What is expected:
When you reach the records below, output each one exactly.

* * * * *

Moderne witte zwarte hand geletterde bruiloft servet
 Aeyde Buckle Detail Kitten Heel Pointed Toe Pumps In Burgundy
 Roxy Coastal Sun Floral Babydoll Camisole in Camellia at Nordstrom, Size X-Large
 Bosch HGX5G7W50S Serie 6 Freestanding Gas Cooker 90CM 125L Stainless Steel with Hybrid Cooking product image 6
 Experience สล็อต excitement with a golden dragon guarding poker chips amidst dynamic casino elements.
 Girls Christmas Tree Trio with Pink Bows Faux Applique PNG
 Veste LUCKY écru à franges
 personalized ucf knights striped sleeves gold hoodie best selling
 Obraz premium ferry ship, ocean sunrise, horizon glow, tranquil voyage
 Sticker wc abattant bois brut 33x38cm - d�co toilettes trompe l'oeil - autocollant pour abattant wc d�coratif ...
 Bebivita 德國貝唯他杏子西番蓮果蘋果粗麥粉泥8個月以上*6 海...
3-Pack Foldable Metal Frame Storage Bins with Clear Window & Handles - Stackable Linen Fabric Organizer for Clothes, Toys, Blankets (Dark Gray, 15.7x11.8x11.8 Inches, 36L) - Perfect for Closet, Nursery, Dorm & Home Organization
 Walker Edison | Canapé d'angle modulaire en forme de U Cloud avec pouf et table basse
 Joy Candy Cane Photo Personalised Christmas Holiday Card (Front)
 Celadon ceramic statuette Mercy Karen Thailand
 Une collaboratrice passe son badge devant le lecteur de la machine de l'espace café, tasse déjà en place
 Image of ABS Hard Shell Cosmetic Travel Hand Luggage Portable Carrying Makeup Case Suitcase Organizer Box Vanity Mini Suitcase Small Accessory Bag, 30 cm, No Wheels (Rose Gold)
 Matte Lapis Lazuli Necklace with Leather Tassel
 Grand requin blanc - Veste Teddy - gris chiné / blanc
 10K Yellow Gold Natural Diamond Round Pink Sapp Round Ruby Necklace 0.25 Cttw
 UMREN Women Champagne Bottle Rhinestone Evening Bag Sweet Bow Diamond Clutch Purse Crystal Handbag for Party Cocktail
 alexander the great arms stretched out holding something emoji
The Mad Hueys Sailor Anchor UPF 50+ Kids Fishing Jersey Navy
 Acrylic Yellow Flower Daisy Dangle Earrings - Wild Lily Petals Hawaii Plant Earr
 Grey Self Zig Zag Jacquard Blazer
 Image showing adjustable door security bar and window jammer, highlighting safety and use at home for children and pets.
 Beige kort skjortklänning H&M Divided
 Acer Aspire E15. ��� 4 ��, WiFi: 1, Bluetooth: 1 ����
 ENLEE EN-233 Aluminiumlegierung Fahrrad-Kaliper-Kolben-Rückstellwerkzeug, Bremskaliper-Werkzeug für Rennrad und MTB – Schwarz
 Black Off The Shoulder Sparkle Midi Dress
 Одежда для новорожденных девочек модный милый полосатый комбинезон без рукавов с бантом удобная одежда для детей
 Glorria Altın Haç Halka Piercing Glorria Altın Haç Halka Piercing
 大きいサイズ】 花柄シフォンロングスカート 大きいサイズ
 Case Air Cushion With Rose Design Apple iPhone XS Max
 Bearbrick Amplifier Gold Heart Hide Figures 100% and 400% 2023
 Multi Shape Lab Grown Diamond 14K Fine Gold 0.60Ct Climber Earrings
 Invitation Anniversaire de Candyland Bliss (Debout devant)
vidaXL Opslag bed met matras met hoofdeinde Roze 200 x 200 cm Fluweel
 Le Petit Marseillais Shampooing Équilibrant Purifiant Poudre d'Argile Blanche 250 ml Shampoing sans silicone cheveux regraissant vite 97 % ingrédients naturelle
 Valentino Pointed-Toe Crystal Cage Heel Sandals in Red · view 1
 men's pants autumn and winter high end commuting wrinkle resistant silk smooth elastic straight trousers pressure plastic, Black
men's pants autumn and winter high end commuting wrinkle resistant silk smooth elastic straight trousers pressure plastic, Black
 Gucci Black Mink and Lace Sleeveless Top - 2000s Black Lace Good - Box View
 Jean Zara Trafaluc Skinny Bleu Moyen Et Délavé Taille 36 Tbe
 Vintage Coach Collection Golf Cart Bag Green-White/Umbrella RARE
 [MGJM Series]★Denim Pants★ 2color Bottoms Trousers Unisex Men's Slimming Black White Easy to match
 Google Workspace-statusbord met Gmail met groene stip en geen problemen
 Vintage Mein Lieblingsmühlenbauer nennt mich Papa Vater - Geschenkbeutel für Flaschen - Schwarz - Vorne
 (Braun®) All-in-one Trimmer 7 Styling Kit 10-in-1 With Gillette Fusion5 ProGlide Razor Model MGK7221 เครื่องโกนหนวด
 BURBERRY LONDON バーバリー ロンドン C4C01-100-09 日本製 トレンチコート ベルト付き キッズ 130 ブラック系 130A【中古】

* * * * *

Solved problem:
Moderne witte zwarte hand geletterde bruiloft servet
 Aeyde Buckle Detail Kitten Heel Pointed Toe Pumps In Burgundy
 Roxy Coastal Sun Floral Babydoll Camisole in Camellia at Nordstrom, Size X-Large
 Bosch HGX5G7W50S Serie 6 Freestanding Gas Cooker 90CM 125L Stainless Steel with Hybrid Cooking product image 6
 Experience สล็อต excitement with a golden dragon guarding poker chips amidst dynamic casino elements.
 Girls Christmas Tree Trio with Pink Bows Faux Applique PNG
 Veste LUCKY écru à franges
 personalized ucf knights striped sleeves gold hoodie best selling
 Obraz premium ferry ship, ocean sunrise, horizon glow, tranquil voyage
 Sticker wc abattant bois brut 33x38cm - d�co toilettes trompe l'oeil - autocollant pour abattant wc d�coratif ...
 Bebivita 德國貝唯他杏子西番蓮果蘋果粗麥粉泥8個月以上*6 海...
3-Pack Foldable Metal Frame Storage Bins with Clear Window & Handles - Stackable Linen Fabric Organizer for Clothes, Toys, Blankets (Dark Gray, 15.7x11.8x11.8 Inches, 36L) - Perfect for Closet, Nursery, Dorm & Home Organization
 Walker Edison | Canapé d'angle modulaire en forme de U Cloud avec pouf et table basse
 Joy Candy Cane Photo Personalised Christmas Holiday Card (Front)
 Celadon ceramic statuette Mercy Karen Thailand
 Une collaboratrice passe son badge devant le lecteur de la machine de l'espace café, tasse déjà en place
 Image of ABS Hard Shell Cosmetic Travel Hand Luggage Portable Carrying Makeup Case Suitcase Organizer Box Vanity Mini Suitcase Small Accessory Bag, 30 cm, No Wheels (Rose Gold)
 Matte Lapis Lazuli Necklace with Leather Tassel
 Grand requin blanc - Veste Teddy - gris chiné / blanc
 10K Yellow Gold Natural Diamond Round Pink Sapp Round Ruby Necklace 0.25 Cttw
 UMREN Women Champagne Bottle Rhinestone Evening Bag Sweet Bow Diamond Clutch Purse Crystal Handbag for Party Cocktail
 alexander the great arms stretched out holding something emoji
The Mad Hueys Sailor Anchor UPF 50+ Kids Fishing Jersey Navy
 Acrylic Yellow Flower Daisy Dangle Earrings - Wild Lily Petals Hawaii Plant Earr
 Grey Self Zig Zag Jacquard Blazer
 Image showing adjustable door security bar and window jammer, highlighting safety and use at home for children and pets.
 Beige kort skjortklänning H&M Divided
 Acer Aspire E15. ��� 4 ��, WiFi: 1, Bluetooth: 1 ����
 ENLEE EN-233 Aluminiumlegierung Fahrrad-Kaliper-Kolben-Rückstellwerkzeug, Bremskaliper-Werkzeug für Rennrad und MTB – Schwarz
 Black Off The Shoulder Sparkle Midi Dress
 Одежда для новорожденных девочек модный милый полосатый комбинезон без рукавов с бантом удобная одежда для детей
 Glorria Altın Haç Halka Piercing Glorria Altın Haç Halka Piercing
 大きいサイズ】 花柄シフォンロングスカート 大きいサイズ
 Case Air Cushion With Rose Design Apple iPhone XS Max
 Bearbrick Amplifier Gold Heart Hide Figures 100% and 400% 2023
 Multi Shape Lab Grown Diamond 14K Fine Gold 0.60Ct Climber Earrings
 Invitation Anniversaire de Candyland Bliss (Debout devant)
vidaXL Opslag bed met matras met hoofdeinde Roze 200 x 200 cm Fluweel
 Le Petit Marseillais Shampooing Équilibrant Purifiant Poudre d'Argile Blanche 250 ml Shampoing sans silicone cheveux regraissant vite 97 % ingrédients naturelle
 Valentino Pointed-Toe Crystal Cage Heel Sandals in Red · view 1
 men's pants autumn and winter high end commuting wrinkle resistant silk smooth elastic straight trousers pressure plastic, Black
men's pants autumn and winter high end commuting wrinkle resistant silk smooth elastic straight trousers pressure plastic, Black
 Gucci Black Mink and Lace Sleeveless Top - 2000s Black Lace Good - Box View
 Jean Zara Trafaluc Skinny Bleu Moyen Et Délavé Taille 36 Tbe
 Vintage Coach Collection Golf Cart Bag Green-White/Umbrella RARE
 [MGJM Series]★Denim Pants★ 2color Bottoms Trousers Unisex Men's Slimming Black White Easy to match
 Google Workspace-statusbord met Gmail met groene stip en geen problemen
 Vintage Mein Lieblingsmühlenbauer nennt mich Papa Vater - Geschenkbeutel für Flaschen - Schwarz - Vorne
 (Braun®) All-in-one Trimmer 7 Styling Kit 10-in-1 With Gillette Fusion5 ProGlide Razor Model MGK7221 เครื่องโกนหนวด
 BURBERRY LONDON バーバリー ロンドン C4C01-100-09 日本製 トレンチコート ベルト付き キッズ 130 ブラック系 130A【中古】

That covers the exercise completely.